Притчи Дмитрия Мережковского: единство философского и художественного | страница 71



Романы, созданные Мережковским в эмиграции в жанре философского романа-концепции, становясь частями единого интеллектуального полотна (особенность творчества писателя, подмеченная им самим еще в дореволюционный период), несут в себе двойную смысловую нагрузку. С одной стороны, это строго определенные части философской концепции автора, прорабатывающие различные проблемы и идеи, с другой — неизменная картина мира, главная роль в котором \147\ отводится Личности, движущей духовную эволюцию к достижению абсолюта, т. е. к Концу мира. Герои Мережковского разнятся психологическими чертами характеров, разделены земным временем и призваны прорабатывать различные положения философской концепции автора, но все они занимают одно положение по отношению к миру, являясь духовными движителями эволюции, стремящейся завершиться в абсолютном Конце. Все они выражают горячее стремление писателя приблизить мир к духовному абсолюту, призванному стать Концом и Началом, новым воплощением идеального в материальном мире.

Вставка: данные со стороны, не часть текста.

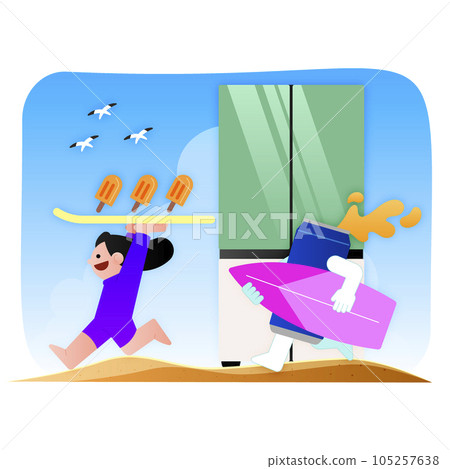 home appliances, refrigerator with refreshing ice cream and beverage 105257638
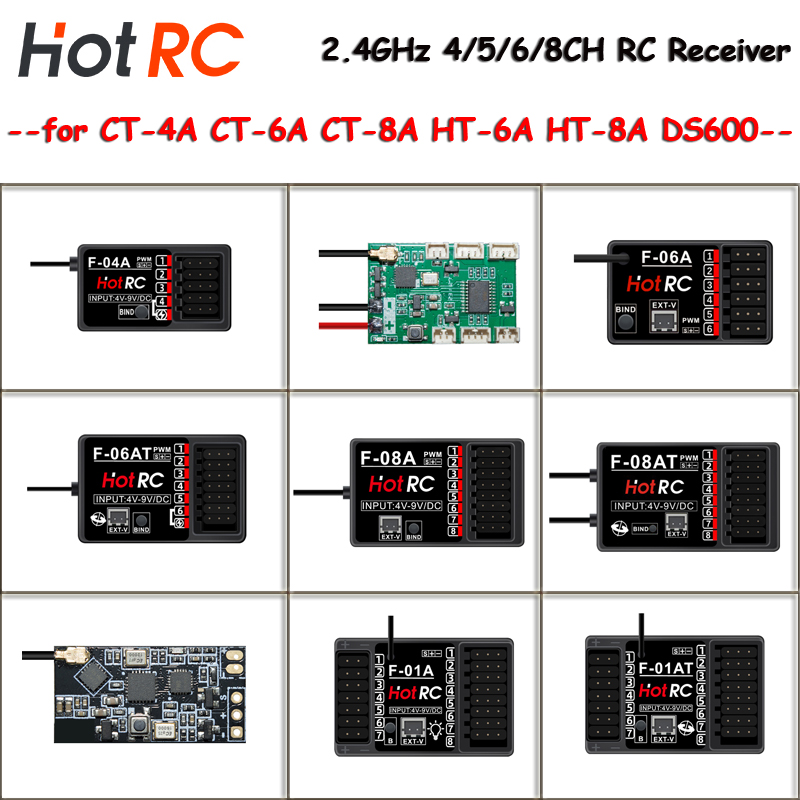 Radio Transmitter 2.4Ghz - HOTRC 2.4Ghz Alıcılar F-01A F-10AT F-06A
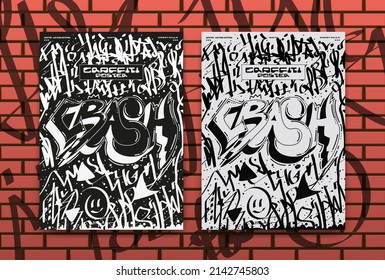 Abstract posters with elements of street graffiti. Vandalistic spray painting on the walls, street art with splatters and drips. Isolated on brick background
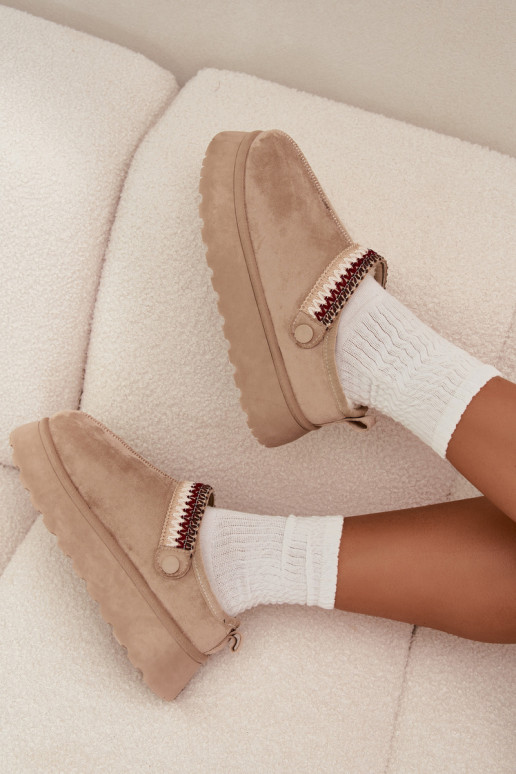 SneeuIn laarzen Dames laagRuchomym Strepenem I Haftem met platform ivoor Lyrisse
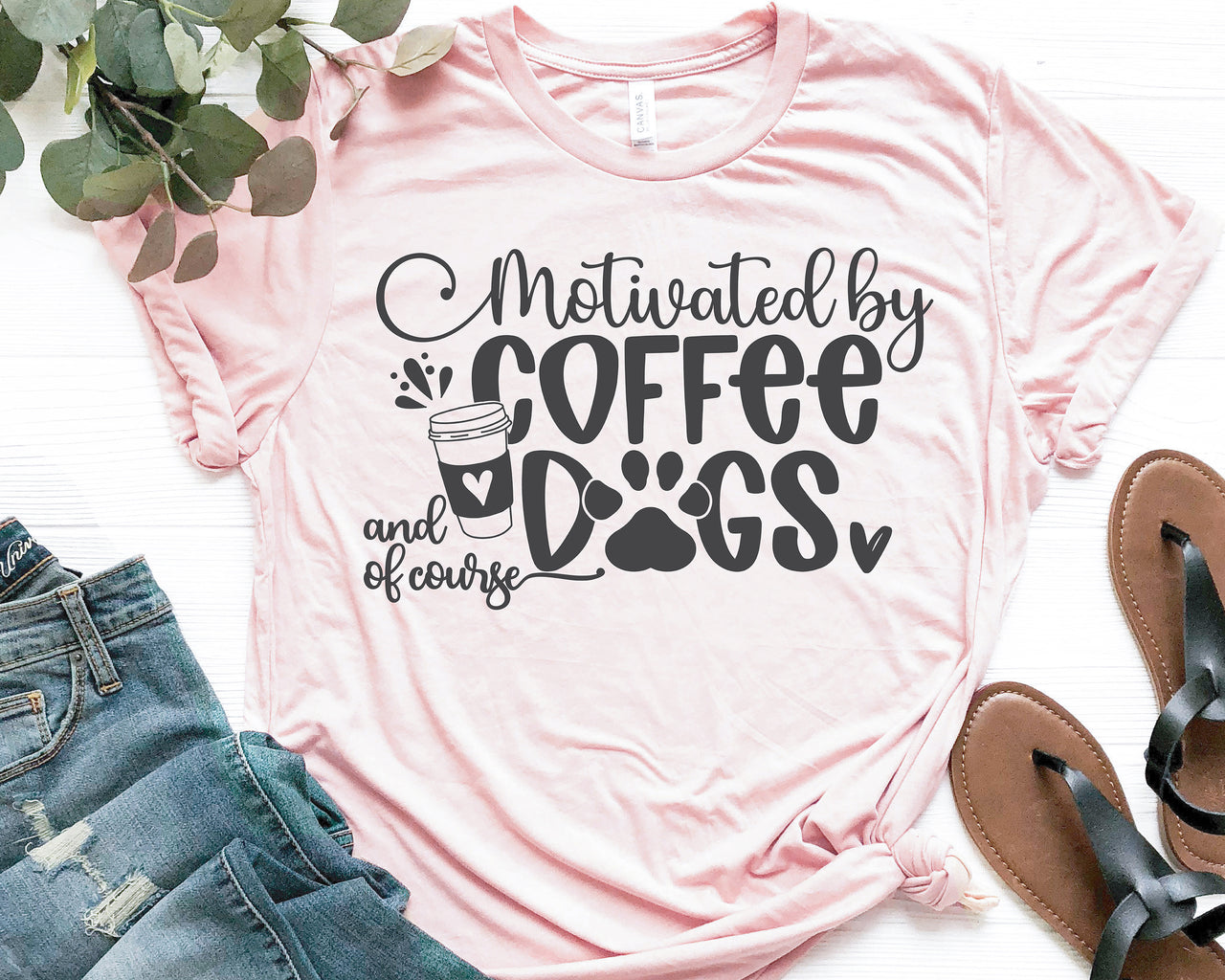 Motivated By Coffee And Dogs SVG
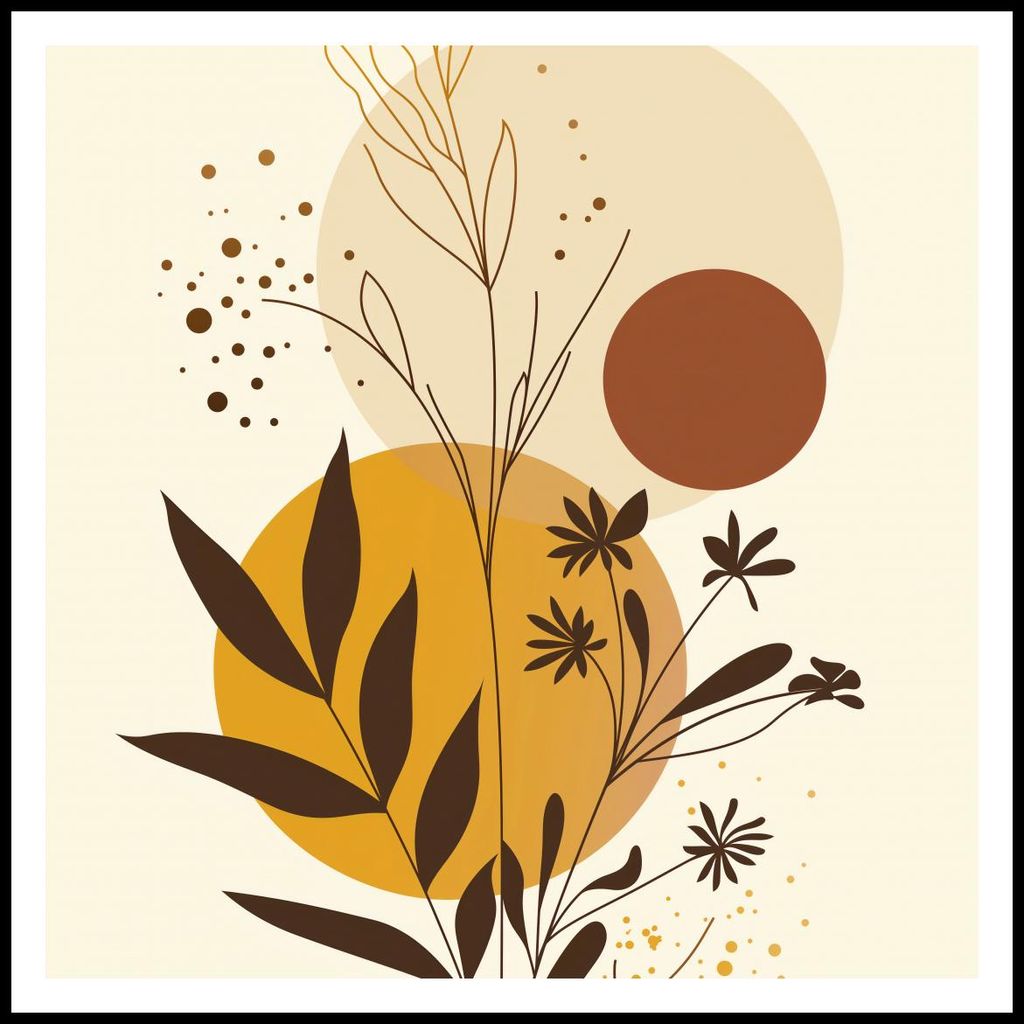 Poster 80x80cm Gold Jahreszeiten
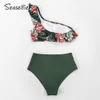 SEASELFIE Eine Schulter Rüschen Hohe Taille Bikini Sets Frauen Sexy Grün Floral Zwei Stück Badeanzug Schwimmen Anzug Bademode 210702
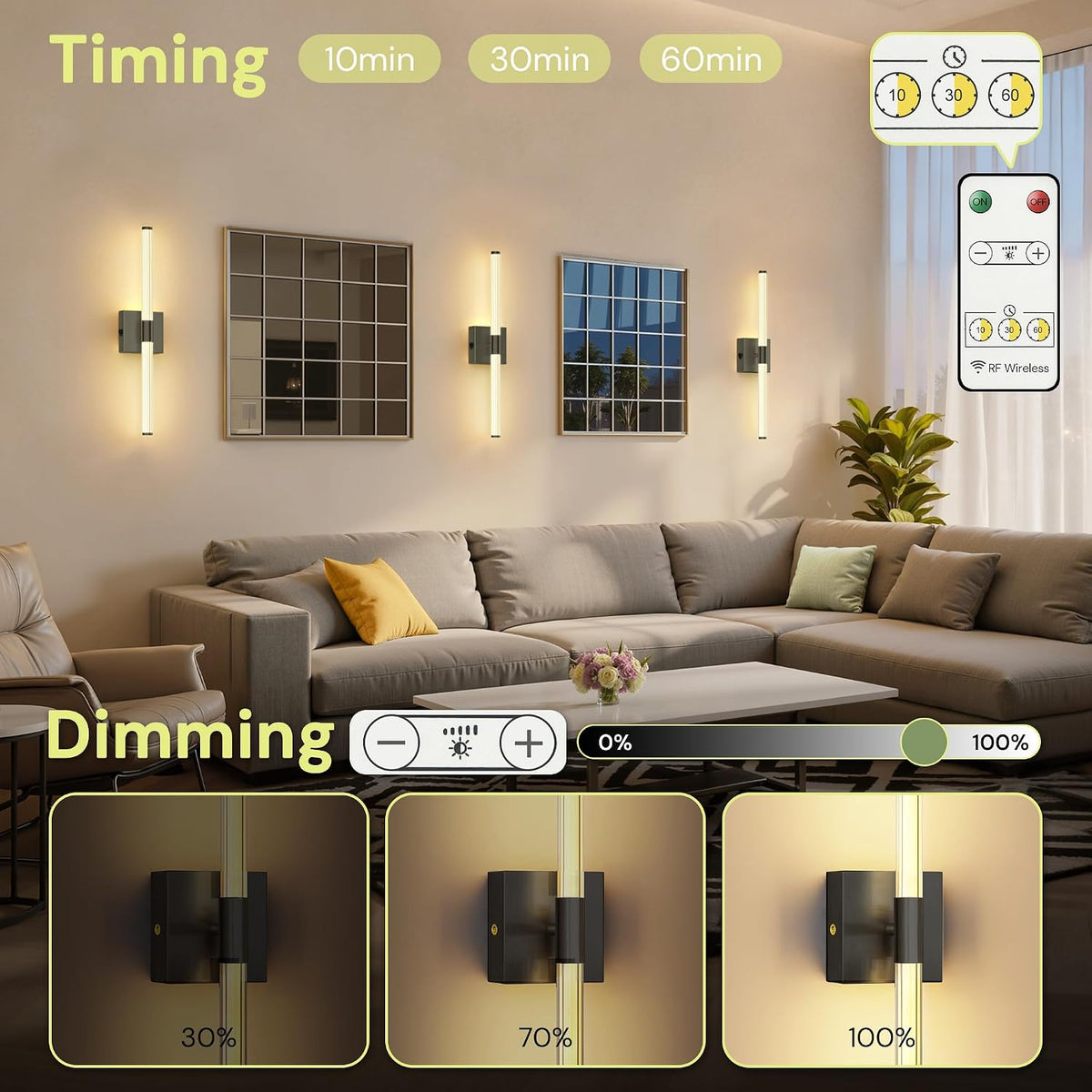 Battery Operated Wall Sconce Set of 2, Full Lighting Wall Light, 10000Mah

Особенность романного полотна Мережковского в тождественности философской концепции автора художественному миру создаваемых произведений. Философская концепция рождается и передается в сфере художественного мышления, где идея и образ не иллюстрируют, а взаимно обусловливают друг друга, образуя единый конгломерат философско-художественного содержания, в котором уже невозможно установить первопричину.

Прологом художественной картины мира, создаваемой Мережковским в период эмиграции, становятся романы «Рождение богов: Тутанкамон на Крите» (Прага, 1925) и «Мессия» (Париж, 1928), где Мережковский работает в жанре философского романа, вплотную подходя к созданию романа-концепции, но лишь намечая те положения, согласно которым будет разворачиваться все его дальнейшее эмигрантское творчество. Данные \148\ произведения стоят ближе всего к «собственно философским романам», оперирующим пластичными, художественно цельными образами, отводящим не последнюю роль психологическому облику персонажа и картине мира, включающей в себя социальные и природные условия существования героя. Роль автора в произведениях минимизирована, что обусловило отсутствие авторских монологов, беседы с читателем, выявляющих авторскую позицию. Непосредственное теоретическое обоснование философских положений на абстрактно-логическом уровне, характерное для дальнейшего романного творчества писателя, в данном случае уступает место художественному бытованию идеи. Озвучивать философские искания автора поручается героям-идеологам, выявляющим истину не только при столкновении с себе подобными в философских спорах и дискуссиях, но и проверяющим ее собственной земной судьбой. Подобный принцип построения романа приближает Мережковского к романной традиции Вольтера.